Today, François Fayt's third opera, Das schwarze Blut (literally Black Blood, but usually translated as Bitter Victory), with a libretto (in German) by Marcel Maréchal after Louis Guilloux will be performed for the first time in Erfurt.
One day in 1917 an aging philosophy tutor, nicknamed Cripure (contraction of Critique of Pure Reason), feels unable to give advice to a student who is departing for the front in World War I. Amidst the horror of the war, he feels increasing disgust at life. He remembers how, years ago, he lost his wife. He is now living alone, supported only by Maia, his lazy housekeeper. His youthful promise as a writer and thinker has long since evaporated, and his body is becoming disturbingly abnormal as his feet become excessively large due to an illness. He hates himself, his colleagues and his students. He takes a class at which the students play up. In the afternoon he consoles himself with drink.

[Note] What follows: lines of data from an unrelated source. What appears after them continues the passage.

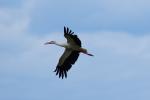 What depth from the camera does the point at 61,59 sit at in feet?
180

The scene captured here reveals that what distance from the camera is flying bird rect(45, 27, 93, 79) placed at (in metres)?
52.8

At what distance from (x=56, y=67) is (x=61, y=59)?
3.08ft

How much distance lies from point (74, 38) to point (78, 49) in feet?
2.36

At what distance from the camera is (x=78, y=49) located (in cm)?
5294

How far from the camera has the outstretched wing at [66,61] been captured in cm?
5400

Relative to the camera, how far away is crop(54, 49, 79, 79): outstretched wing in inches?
2126

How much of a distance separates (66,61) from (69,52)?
93 centimetres

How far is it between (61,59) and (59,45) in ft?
4.46

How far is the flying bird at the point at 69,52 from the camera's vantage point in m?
52.8

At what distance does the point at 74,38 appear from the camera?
5262 cm

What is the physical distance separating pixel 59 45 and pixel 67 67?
6.09 ft

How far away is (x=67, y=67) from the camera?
55.2 meters

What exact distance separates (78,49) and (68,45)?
69cm

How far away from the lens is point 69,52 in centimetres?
5406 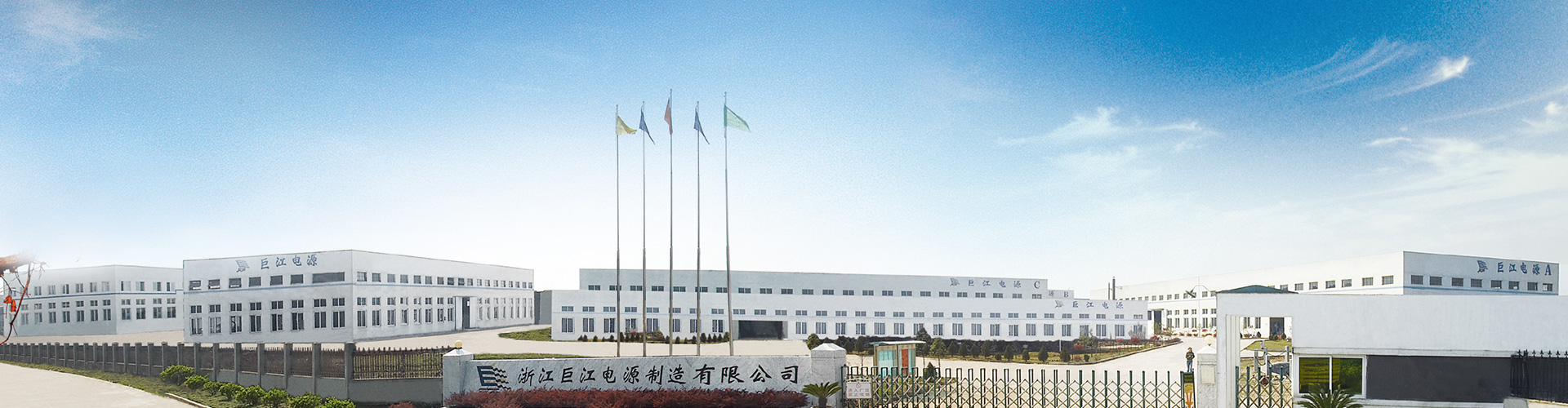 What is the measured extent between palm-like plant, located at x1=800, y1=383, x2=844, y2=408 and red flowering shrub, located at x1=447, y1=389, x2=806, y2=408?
312mm

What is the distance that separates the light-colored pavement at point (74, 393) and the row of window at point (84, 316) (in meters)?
26.7

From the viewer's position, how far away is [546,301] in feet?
248

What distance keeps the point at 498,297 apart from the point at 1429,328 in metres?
58.3

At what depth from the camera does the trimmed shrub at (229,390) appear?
30484 millimetres

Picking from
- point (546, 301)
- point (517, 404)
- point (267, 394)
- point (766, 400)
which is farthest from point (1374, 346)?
point (546, 301)

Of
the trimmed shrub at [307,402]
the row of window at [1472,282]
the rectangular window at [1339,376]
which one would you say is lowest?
the trimmed shrub at [307,402]

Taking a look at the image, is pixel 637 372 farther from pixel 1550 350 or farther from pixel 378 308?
pixel 378 308

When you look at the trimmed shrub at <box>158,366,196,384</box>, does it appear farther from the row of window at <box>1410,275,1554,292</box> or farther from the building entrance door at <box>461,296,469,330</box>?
the row of window at <box>1410,275,1554,292</box>

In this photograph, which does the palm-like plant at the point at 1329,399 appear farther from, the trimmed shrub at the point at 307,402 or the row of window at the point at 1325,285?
the row of window at the point at 1325,285

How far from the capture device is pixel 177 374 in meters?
34.8

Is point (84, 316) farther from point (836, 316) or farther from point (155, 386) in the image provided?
point (836, 316)

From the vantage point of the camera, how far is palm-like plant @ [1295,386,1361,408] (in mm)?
17266

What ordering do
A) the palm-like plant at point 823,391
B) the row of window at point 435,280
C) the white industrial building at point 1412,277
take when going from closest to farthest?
the palm-like plant at point 823,391, the row of window at point 435,280, the white industrial building at point 1412,277

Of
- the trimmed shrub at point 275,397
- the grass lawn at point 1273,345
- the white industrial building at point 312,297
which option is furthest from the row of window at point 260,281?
the grass lawn at point 1273,345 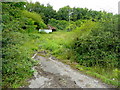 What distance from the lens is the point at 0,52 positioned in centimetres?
303

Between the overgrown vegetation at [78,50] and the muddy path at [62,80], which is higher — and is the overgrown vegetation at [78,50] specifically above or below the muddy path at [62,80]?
above

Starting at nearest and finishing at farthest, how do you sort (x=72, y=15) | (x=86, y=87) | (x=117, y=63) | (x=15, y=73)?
1. (x=86, y=87)
2. (x=15, y=73)
3. (x=117, y=63)
4. (x=72, y=15)

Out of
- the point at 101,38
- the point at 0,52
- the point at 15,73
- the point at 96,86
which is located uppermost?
the point at 101,38

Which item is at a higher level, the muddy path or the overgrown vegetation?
the overgrown vegetation

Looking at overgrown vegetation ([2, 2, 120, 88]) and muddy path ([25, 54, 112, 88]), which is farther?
overgrown vegetation ([2, 2, 120, 88])

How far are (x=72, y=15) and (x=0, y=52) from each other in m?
25.3

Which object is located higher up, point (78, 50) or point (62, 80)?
point (78, 50)

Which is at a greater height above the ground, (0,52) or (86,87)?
(0,52)

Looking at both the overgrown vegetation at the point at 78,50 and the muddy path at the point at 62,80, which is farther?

As the evening wears on he learns about disasters and local tragedies, deaths, robberies and betrayals which convince him of the irredeemable corruption of humanity. French soldiers are becoming mutinous as the war continues without hope of an end. Cripure becomes involved in an altercation at the railway station as disaffected soldiers riot. He hits a jingoistic "patriot" and is challenged to a duel, which he accepts. Convinced that he will be killed, he writes a will. To his surprise local people rally round to support him, including his housekeeper and old friends. Cripure's challenger is discovered to be a hypocrite and is forced to back off.
Saved from death, Cripure is more disturbed by the new evidence of human solidarity than he was by the consolation of despair. Unable to imagine a new life, he shoots himself. (from wikipedia)
The opera will be conducted by Jean-Paul Penin and directed by Marc Adam. The cast includes Maté Solyom-Nagy (Cripure), Jörg Rathmann (Nabucet), Katja Bildt, Marwan Shamiyeh, Daniela Gerstenmeyer, Juri Bakutov and Nils Stäfe.